[Web page caption snippets]
******************************

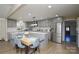 Renovated kitchen boasts stainless steel appliances and breakfast nook at 6615 Love Mill Rd, Monroe, NC 28110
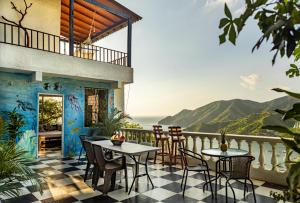 Un balcón con mesas y sillas y vistas al océano. en Casa Blanca - Taganga, en Santa Marta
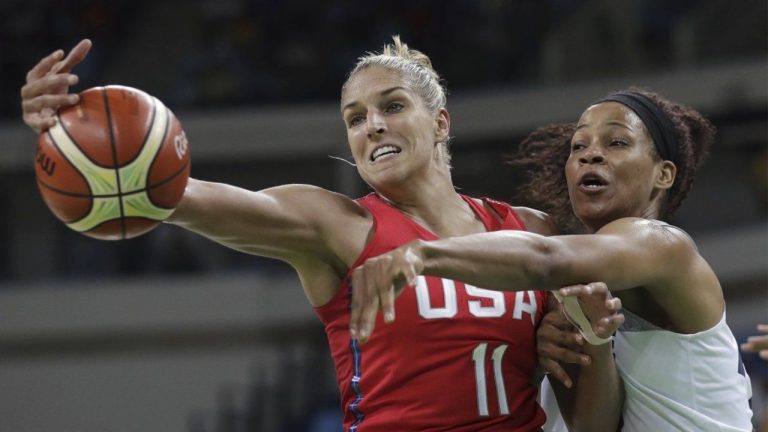 United States' Elena Delle Donne (11) and France's Marielle Amant, right, reaching out for the ball during a women's semifinal round basketball game at the 2016 Summer Olympics in Rio de Janeiro, Brazil. (Eric Gay/AP)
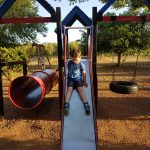 cody on slide in La Cabana play park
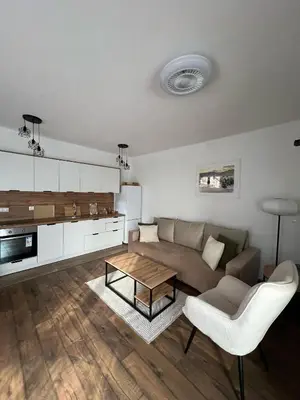 a living room with a couch and a table at Apartman Palazzo in Bosanska Krupa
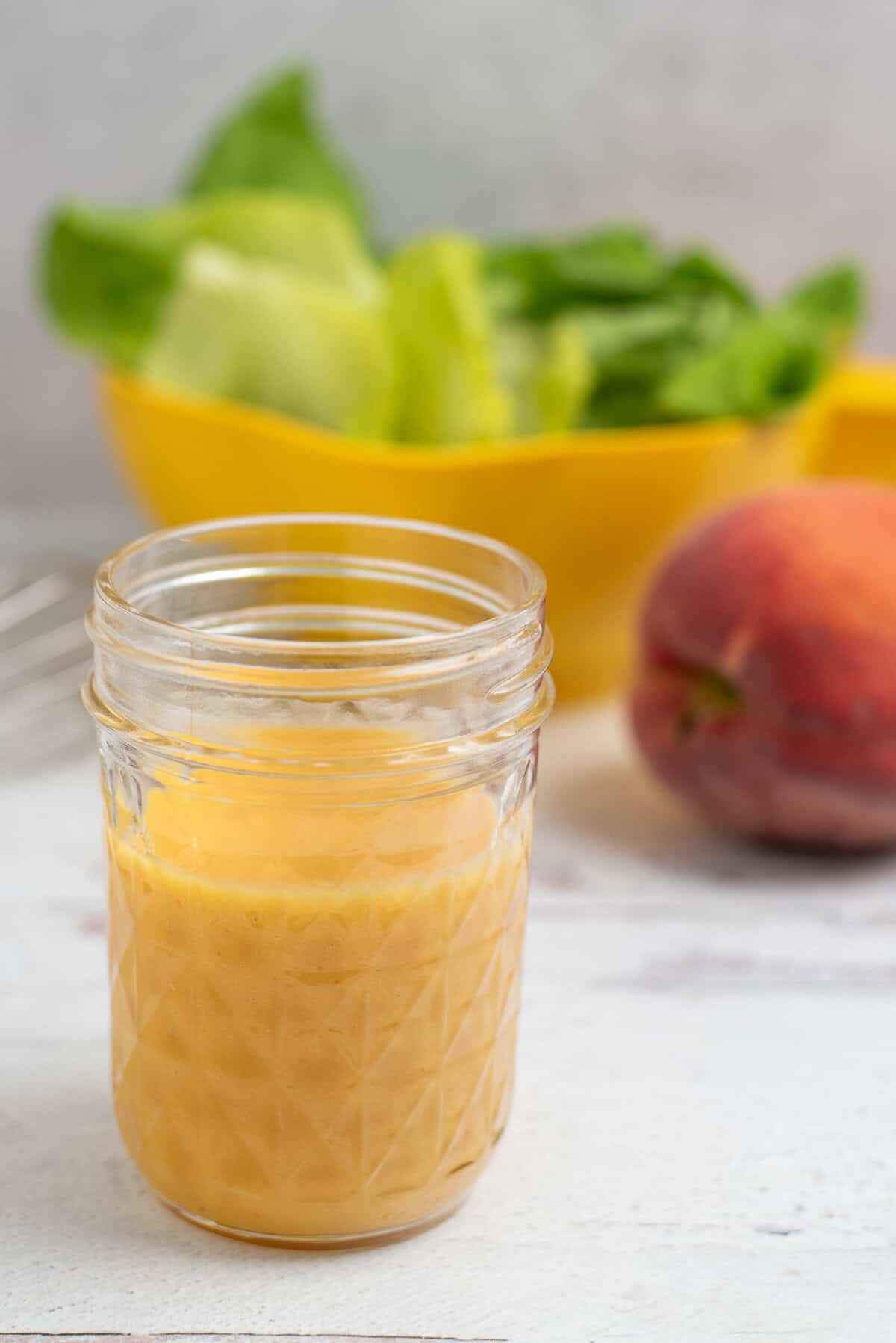 peach vinaigrette in a glass jar with salad ingredients behind it
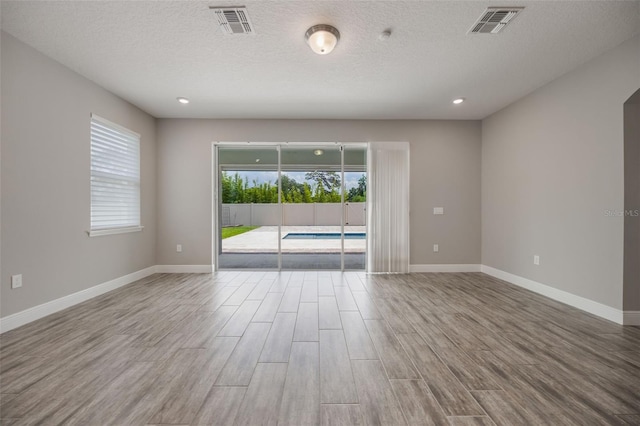 1740 Standing Rock Cir, Oakland, FL 34787 - spare room featuring wood finished floors, recessed lighting, and a textured ceiling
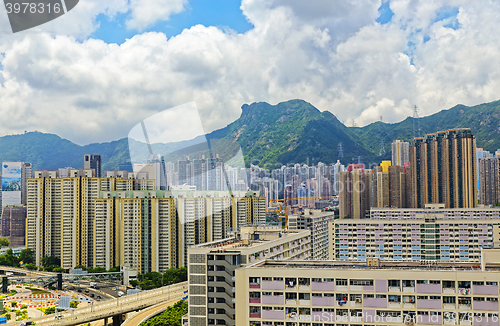 Image of hong kong public estate with landmark lion rock at day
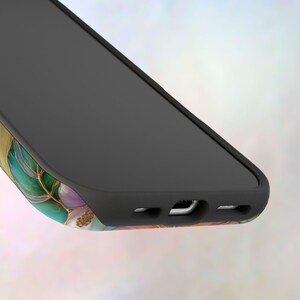 May include: A black smartphone case with a matte finish and a bottom edge featuring cutouts for a charging port and speakers. The back of the case displays a vibrant pattern of teal, purple, and gold veins resembling polished marble stone.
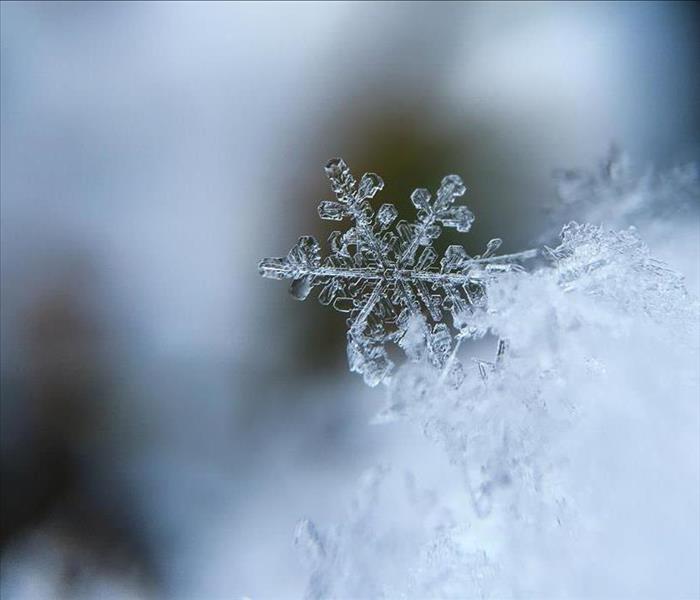 Focused picture of a single snowflake, close up.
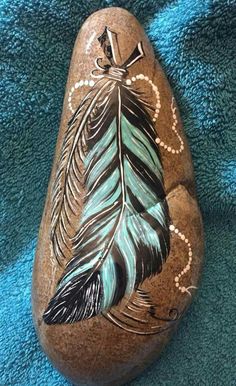 a painted rock with feathers on it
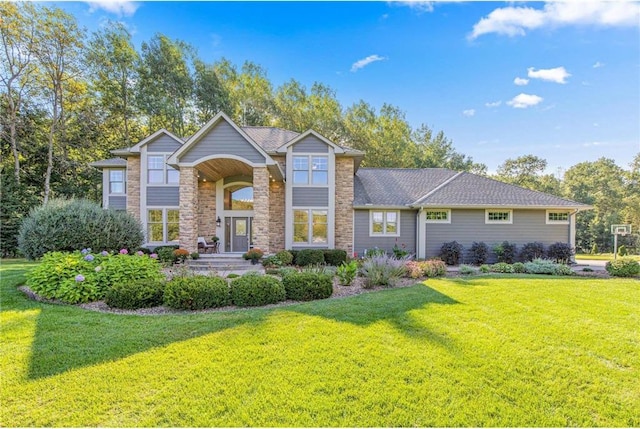 view of front of property featuring a front lawn and stone siding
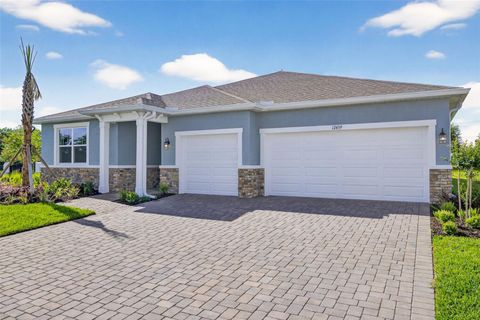 Photo of 12459 49th Street E, Parrish, FL 34219 (MLS # TB8441541)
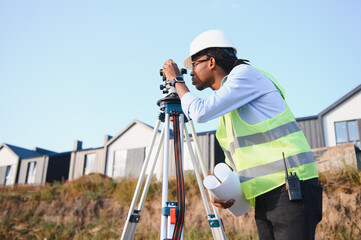 Naklejka premium African american surveyor working with theodolite on construction site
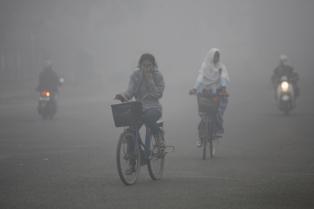 Residents of Sampit, Indonesia, bike through smog in Sept. 2012. (Photo: Reuters) 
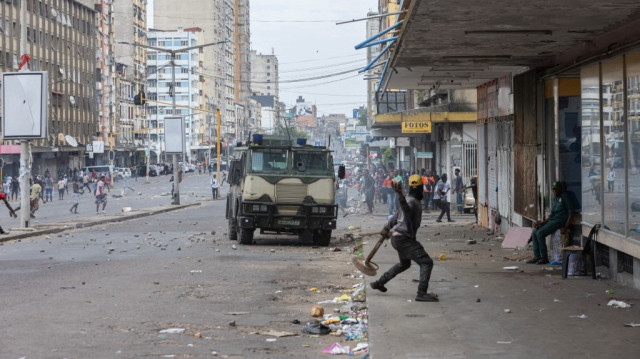 Un manifestant lance une pierre en direction d'un véhicule blindé lors d'un affrontement avec la police anti-émeute mozambicaine à Maputo, le 27 novembre 2024.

******************************

Nothing but the lines from the line containing "1740 Standing Rock" through the last line of the records above should be written out, exactly and without the pictures.

== Task response ==
 1740 Standing Rock Cir, Oakland, FL 34787 - spare room featuring wood finished floors, recessed lighting, and a textured ceiling
 Image of hong kong public estate with landmark lion rock at day
 May include: A black smartphone case with a matte finish and a bottom edge featuring cutouts for a charging port and speakers. The back of the case displays a vibrant pattern of teal, purple, and gold veins resembling polished marble stone.
 Focused picture of a single snowflake, close up.
 a painted rock with feathers on it
 view of front of property featuring a front lawn and stone siding
 Photo of 12459 49th Street E, Parrish, FL 34219 (MLS # TB8441541)
 Naklejka premium African american surveyor working with theodolite on construction site
 Residents of Sampit, Indonesia, bike through smog in Sept. 2012. (Photo: Reuters) 
 Un manifestant lance une pierre en direction d'un véhicule blindé lors d'un affrontement avec la police anti-émeute mozambicaine à Maputo, le 27 novembre 2024.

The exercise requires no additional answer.